Шрифт:
Интервал:
Закладка:
Зальцман, наконец, оставил нас в покое. Этот разговор мне не очень понравился, привлекать к себе внимание таких персон было не самой хорошей идеей. С другой стороны, а что я мог поделать? Подводить Евсюкова в стрельбах тоже не хотелось.
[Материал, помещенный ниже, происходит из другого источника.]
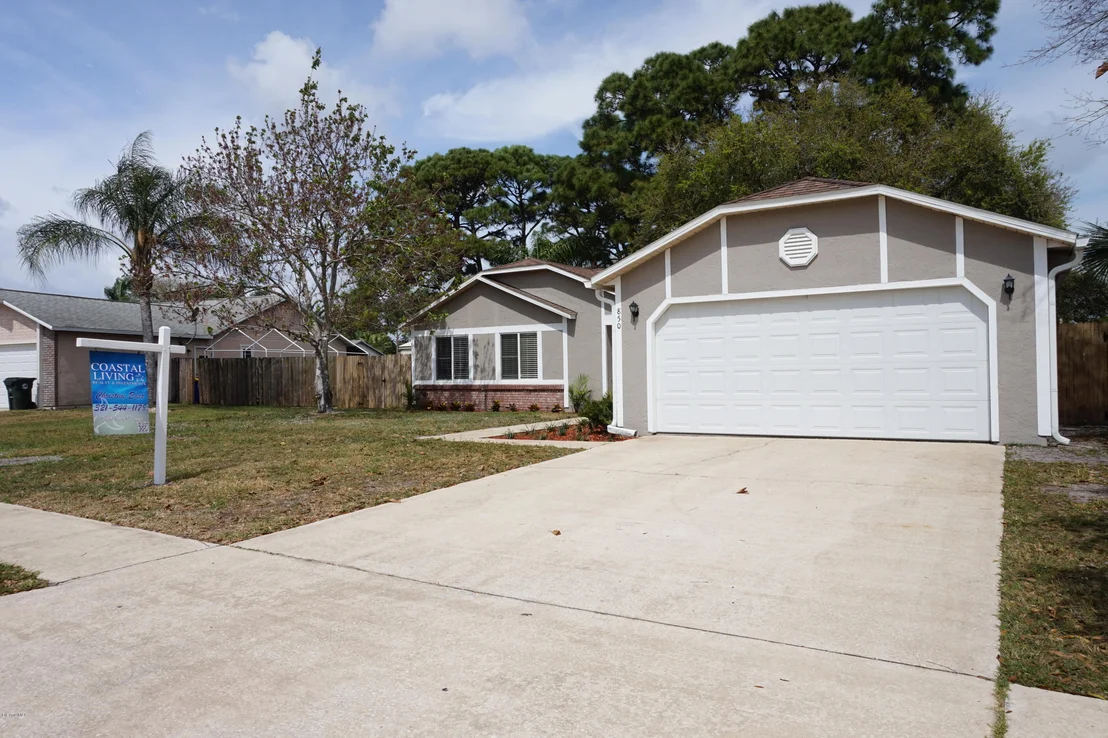 Photo of 850 Pine View Avenue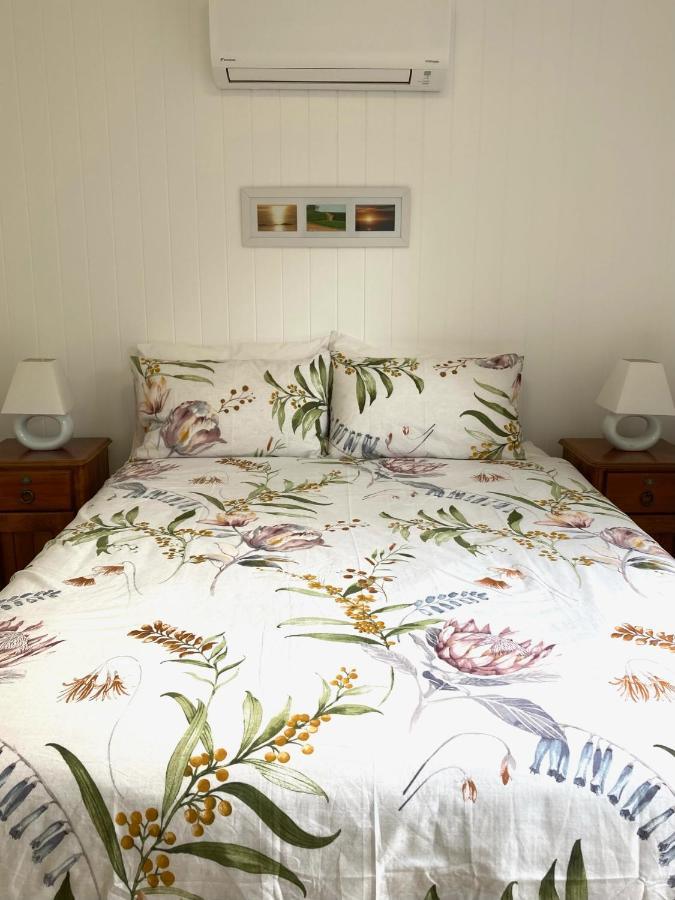 Aparthotel Bridairre Bridport Esterno foto
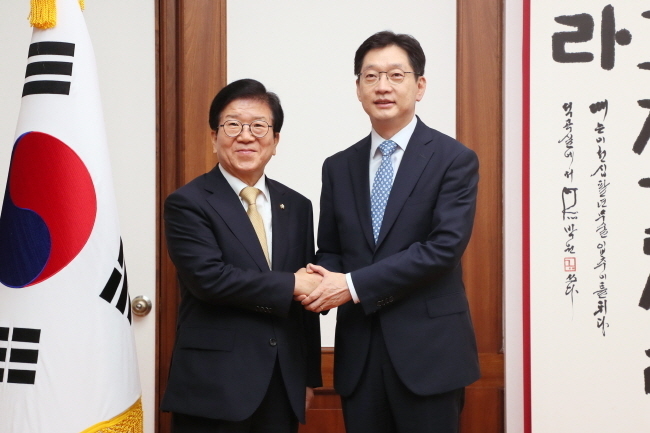 박병석 국회의장은 21일 의장집무실에서 김경수 경상남도지사를 만나 “‘세종국회’가 성사되면 국가균형발전의 역할을 선도할 수 있을 것”이라고 말했다.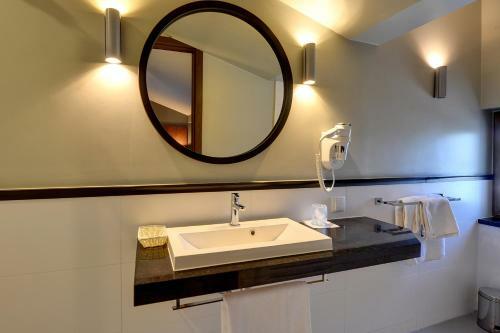 Hotel Restauracja Retro & Oak Rooms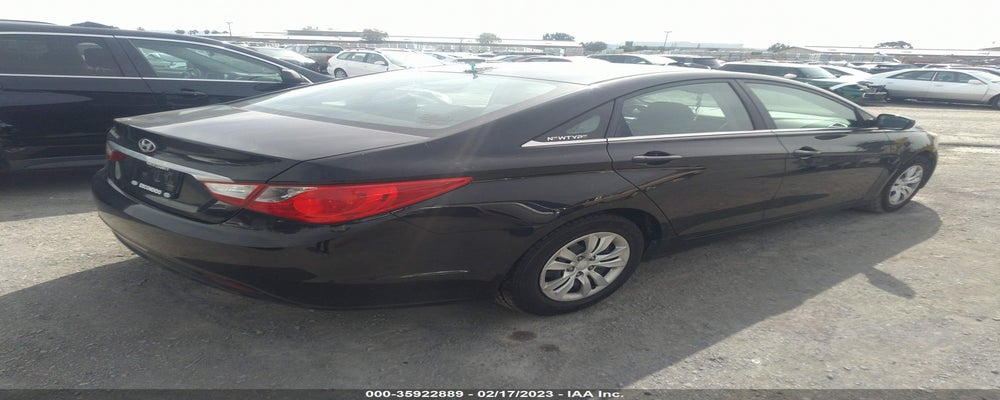 5NPEB4AC8DH572958 2013 HYUNDAI SONATA photo no. 4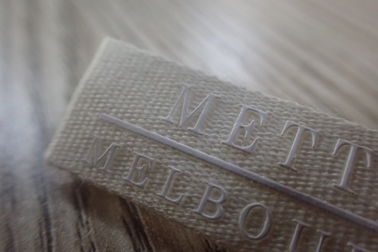Costume profissional etiquetas tecidas com logotipo do silicone para o vestuário/chapéu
В казарму, разумеется, мы не вернулись. Хоть нас и отпустили, но дел было еще полным полно. Для начала требовалось пробанить канал ствола орудия танка, то есть прочистить его специальным предметом, похожим на гигантский ершик с длинной рукоятью, пользоваться которым в одиночку было совершенно невозможно. Ствол орудия опустили максимально вниз, и мы все вместе на раз-два-три водили банником туда-сюда, очищая дуло от пороховых следов. Потратив на это действие не менее получаса, отогнали машину в крытый асбестовыми платами ангар, в котором стояло еще несколько танков. Я узнал сладкую пару КВ-1 и КВ-1С, раритетный БТ-2. В углу замер Т-70, имелись даже иностранные машины, поставленные по ленд-лизу — «Матильда» Mk.II, «Шерман» М4. К слову, и Матильда, и Шерман не выдержали уральские морозы и сломались в первые же дни зимы, после чего и были отправлены на полигон для проверки на пробития и прочие испытания на прочность.
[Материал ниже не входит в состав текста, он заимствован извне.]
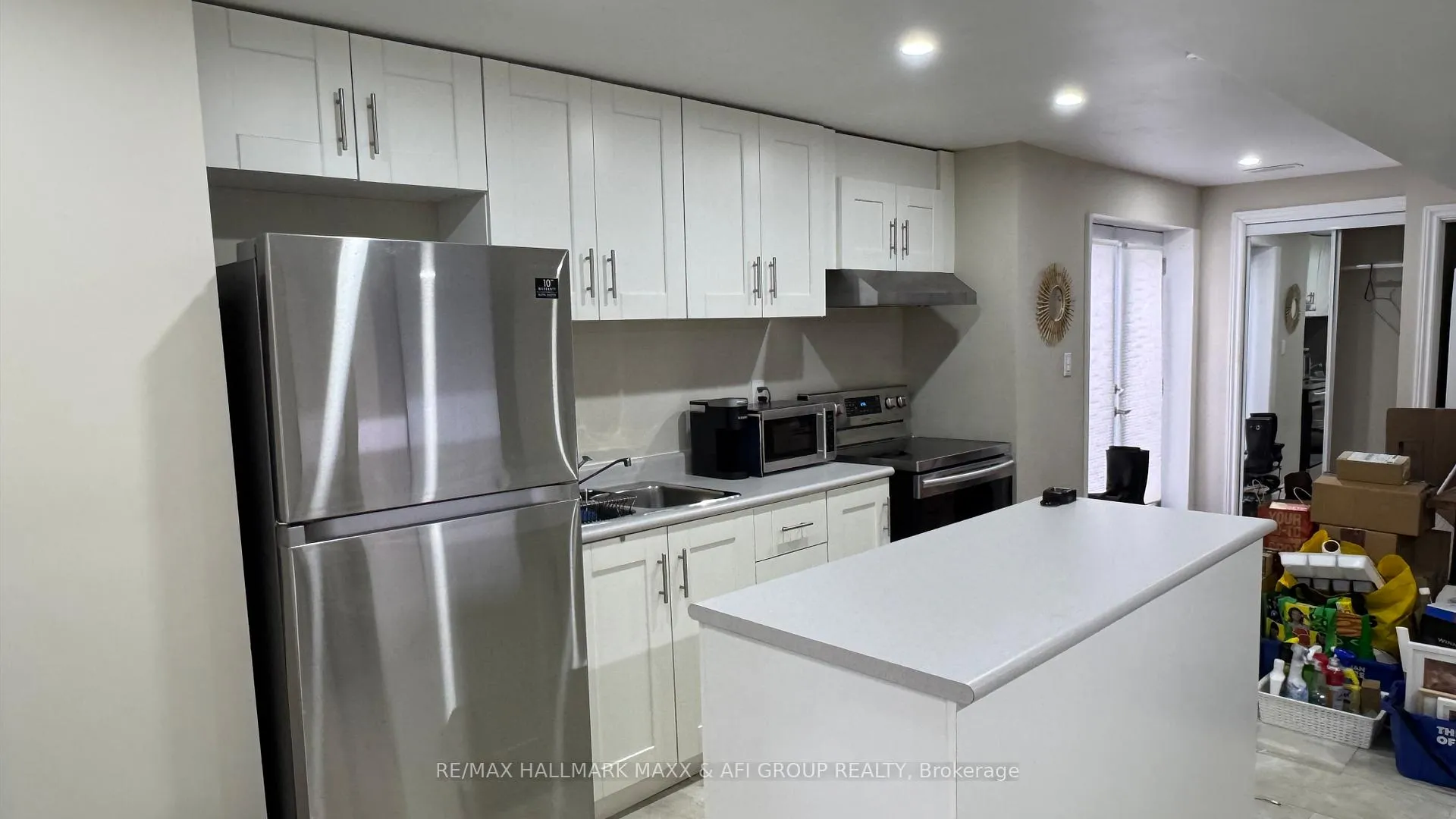 Photo 21 of 661 Mcgregor Farm Lower Trail, Newmarket, Glenway Estates — HOMEH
Евсюков подошел ко мне после того, как мы закончили текущие дела, отвел в сторонку и негромко начал:
— Слушай, Дмитрий… хочу сказать — сам Исаак Моисеевич обратил на тебя внимание, постарайся не подвести его ожидания. Это такой человек! Великий человек! Если бы не он, ничего бы не было… работать с ним в одной группе — это мечта!
— Да я что? Я — ничего! Делаю, что умею…
— Делай больше! Делай невозможное! Мой тебе совет: сумей произвести на него хорошее впечатление. Он тебя уже выделил, попытайся не оплошать и дальше…
Я кивнул с благодарностью во взгляде, но сам испытывал двойственные чувства. Все, чего я хотел, это сбежать на фронт. Тыловые подковерные игры меня совершенно не интересовали. Но что если Зальцман и есть мой счастливый билет? Как там говорил Леха, танковый корпус, вероятно, будут набирать из добровольцев? То, что нужно! Пусть по возрасту я немного не прохожу, мое семнадцатилетие случится совсем скоро, в январе, но до восемнадцати ждать еще долго… однако, если суметь слегка подправить данные, приписать себе лишний год, да плюс рекомендация самого Зальцмана — вот и место в корпусе обеспечено! Евсюков прав, первое впечатление я создал, теперь осталось его закрепить, и дело в шляпе!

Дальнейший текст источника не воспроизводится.